• **THE TASK**: No pictures go into the copy. Write out exactly the lines below from the one containing "Turn Your Pet" through the one containing "Woodpecker At Work And Wandering Squirrel".

• **RECORDS FOR THIS EXERCISE**:
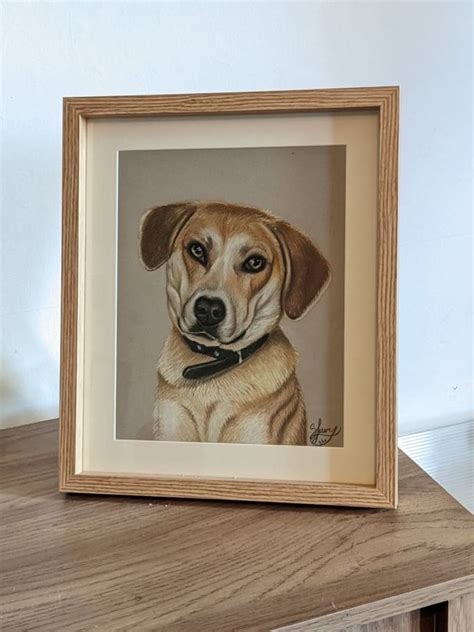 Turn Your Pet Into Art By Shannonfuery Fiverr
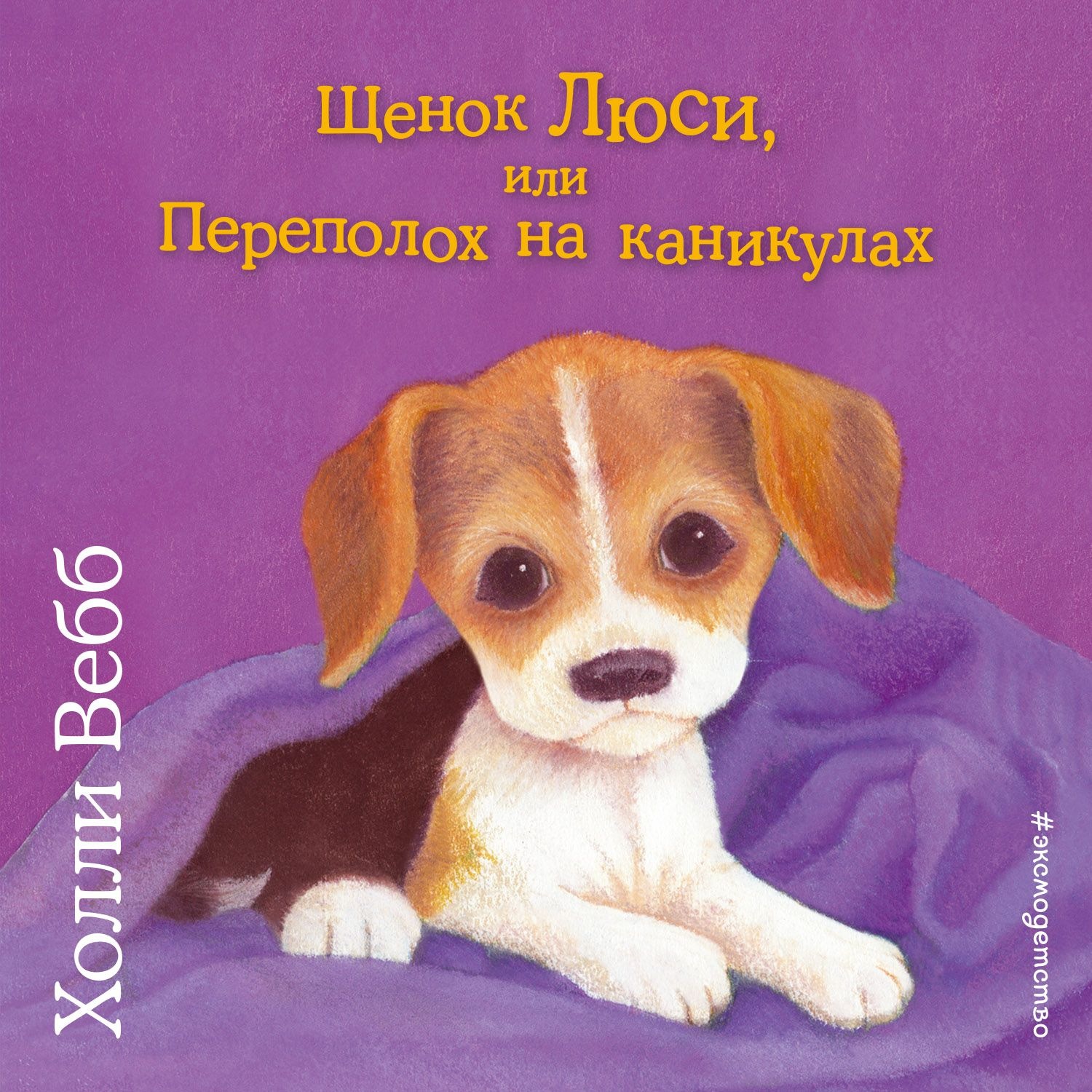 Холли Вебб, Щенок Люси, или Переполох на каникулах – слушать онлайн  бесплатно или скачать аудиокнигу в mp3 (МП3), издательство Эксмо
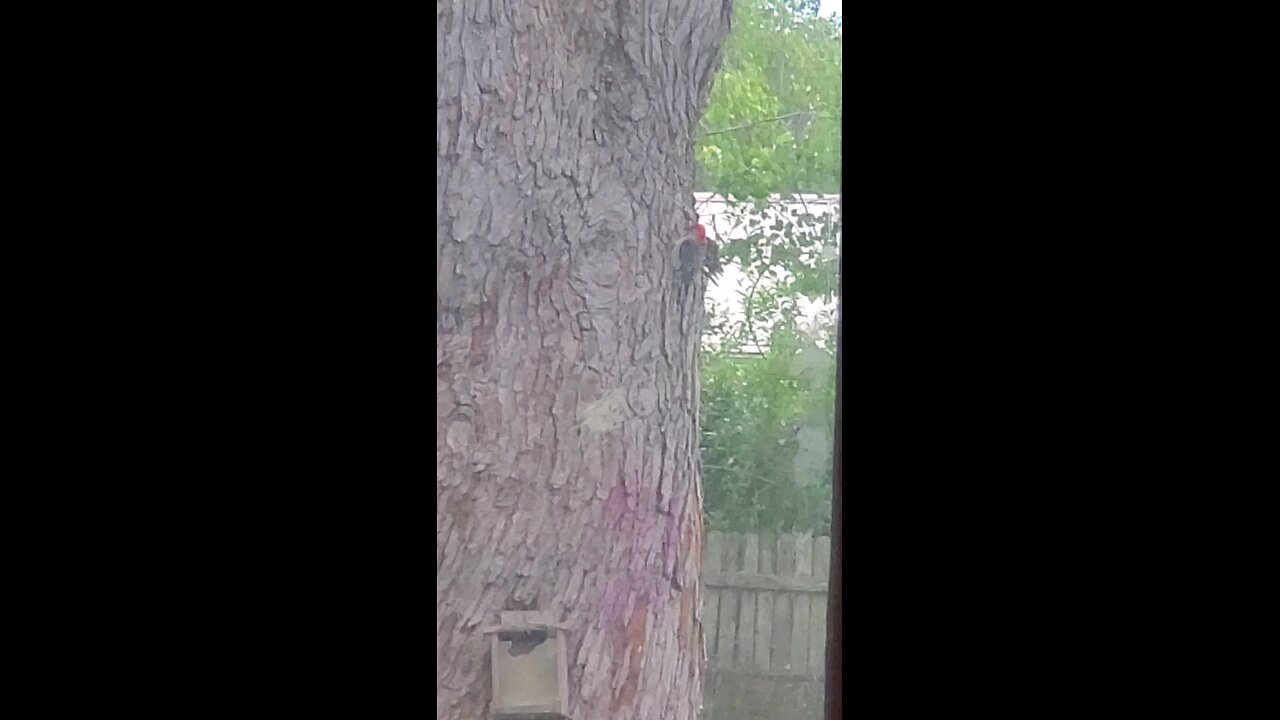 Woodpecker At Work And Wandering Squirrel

==

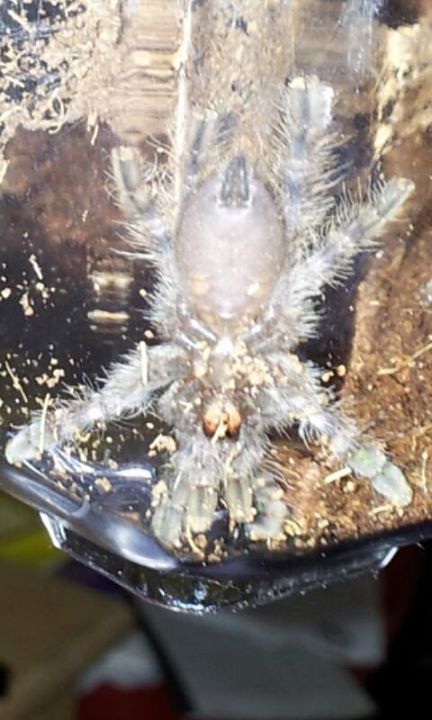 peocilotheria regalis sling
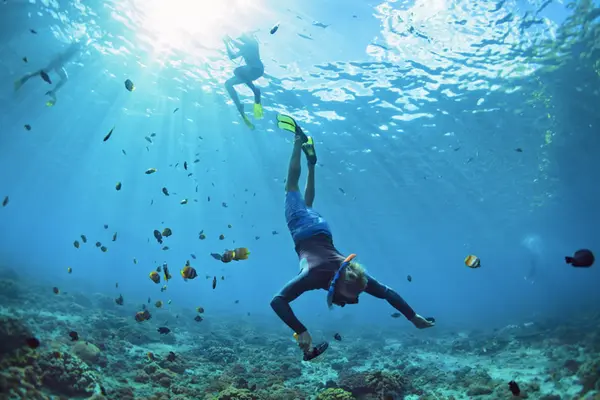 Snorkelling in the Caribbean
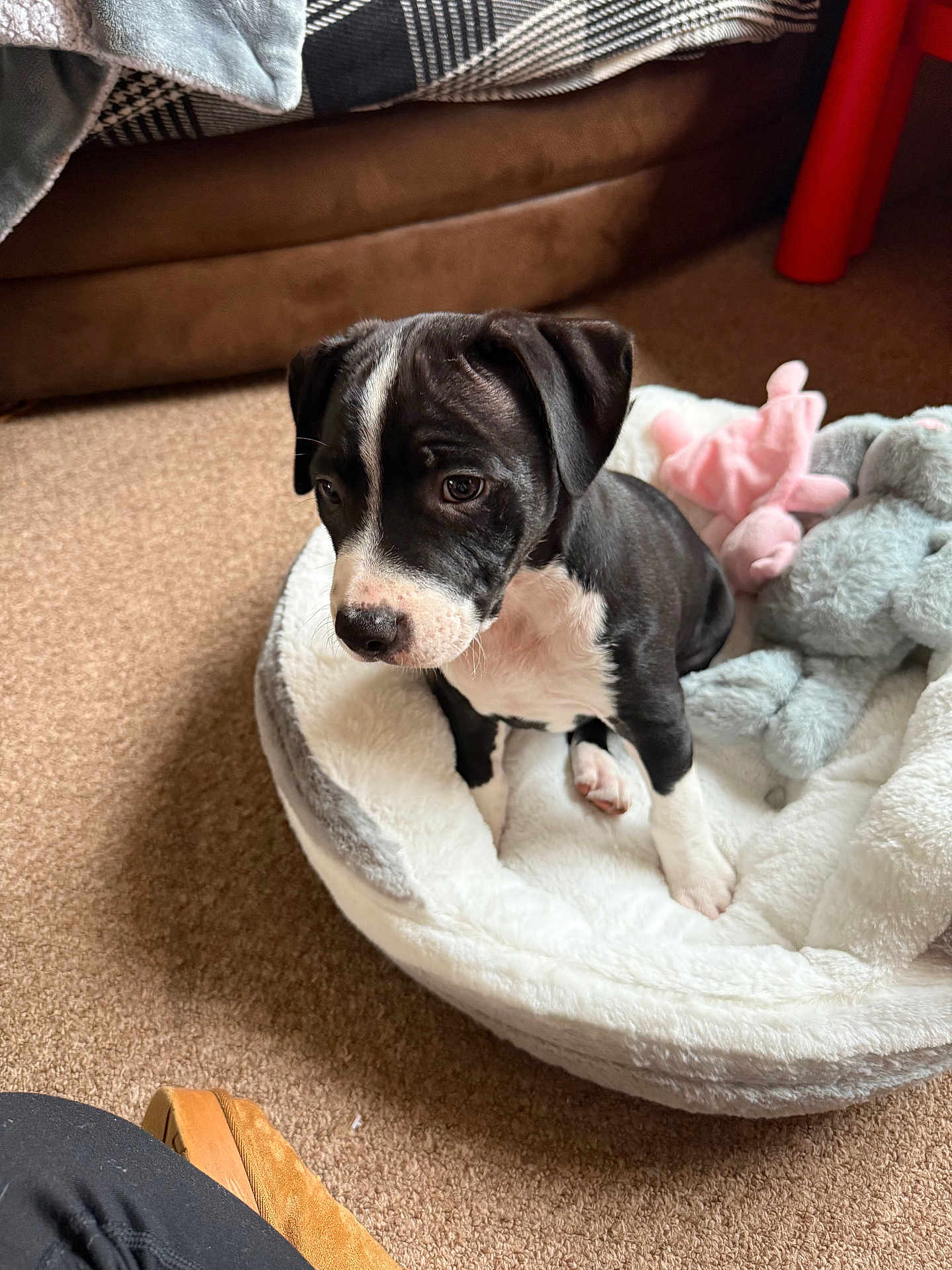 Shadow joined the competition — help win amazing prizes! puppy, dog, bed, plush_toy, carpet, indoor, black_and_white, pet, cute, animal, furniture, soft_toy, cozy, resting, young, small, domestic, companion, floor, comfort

• **RESULT FOR THIS EXERCISE**:
 Turn Your Pet Into Art By Shannonfuery Fiverr
 Холли Вебб, Щенок Люси, или Переполох на каникулах – слушать онлайн  бесплатно или скачать аудиокнигу в mp3 (МП3), издательство Эксмо
 Woodpecker At Work And Wandering Squirrel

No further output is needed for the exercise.